Sporting Clays Tip and Shooting Technique : November 2009-00-4649

By: ParagonSchool

November 2009 Sporting Clays Tip

Where do our shooting skills come from? How are they developed and acquired?

With each trip to the course, each of us is building an inventory, or database, of muscle movements and sight pictures necessary to successfully complete a particular shot. At Paragon we call that,.....Familiarity. It is a mental inventory or database of sight pictures and swing movements - based on the target presentation in front of us. A presentation we will see again. And again.

Building this critically important Familiarity requires training and repetition. Have you considered how you approach building this Familiarity, i.e., target inventory?

Some do this by trial and error rather than deliberation and purpose. Through hunting, wing shooting, and trial and error on the Sporting course, this hit and miss process can develop some skill over the years. Yet improvements can be slow in coming, difficult and sporadic. Unguided practice tends to reinforce habits - good or otherwise - and progress on unfamiliar targets doesn’t always come.
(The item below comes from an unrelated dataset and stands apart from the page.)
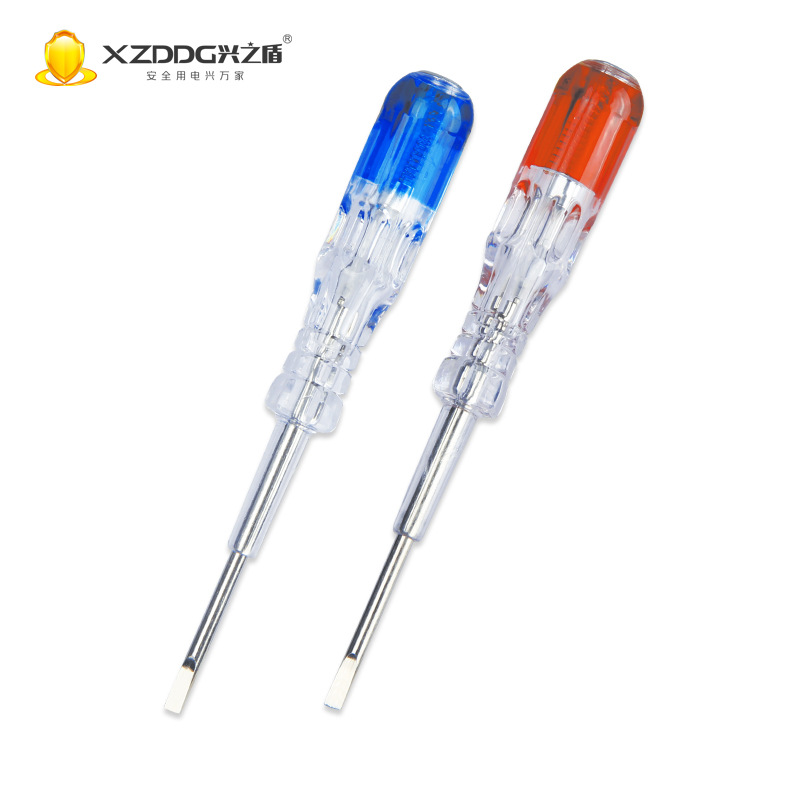 厂家批发 XZD-6122 透明一字试电笔螺丝刀 电工测电笔 家用验电笔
Sometimes, after a target presentation is attempted many, many times, Familiarity does develop. This is the longer, time consuming, random approach to skill development and Familiarity.

In contrast we have the shooter with a more structured approach. Skills are acquired and Familiarity develops as a result of practice sessions dedicated to something very specific in the set up and/or shot. This learning process incorporates shooting more deliberately. With each shot, X or O, this shooter focuses attention on the process of the shot, (gun movement, sight pictures, etc.) not the result (X or O). When a mistake is encountered, corrections are made, moving one step closer to the successful and repeatable shot. Similarly, the successful shot is noted and logged. Every shot has a purpose.

Each and every shot we make, X or 0, provides an opportunity to improve and develop Familiarity. Changing our approach can and will reduce the time necessary to develop the skills we desire. Incorporating more, better defined structure into our practice and training will move us away from Random and closer to Deliberate skill development - a much faster process.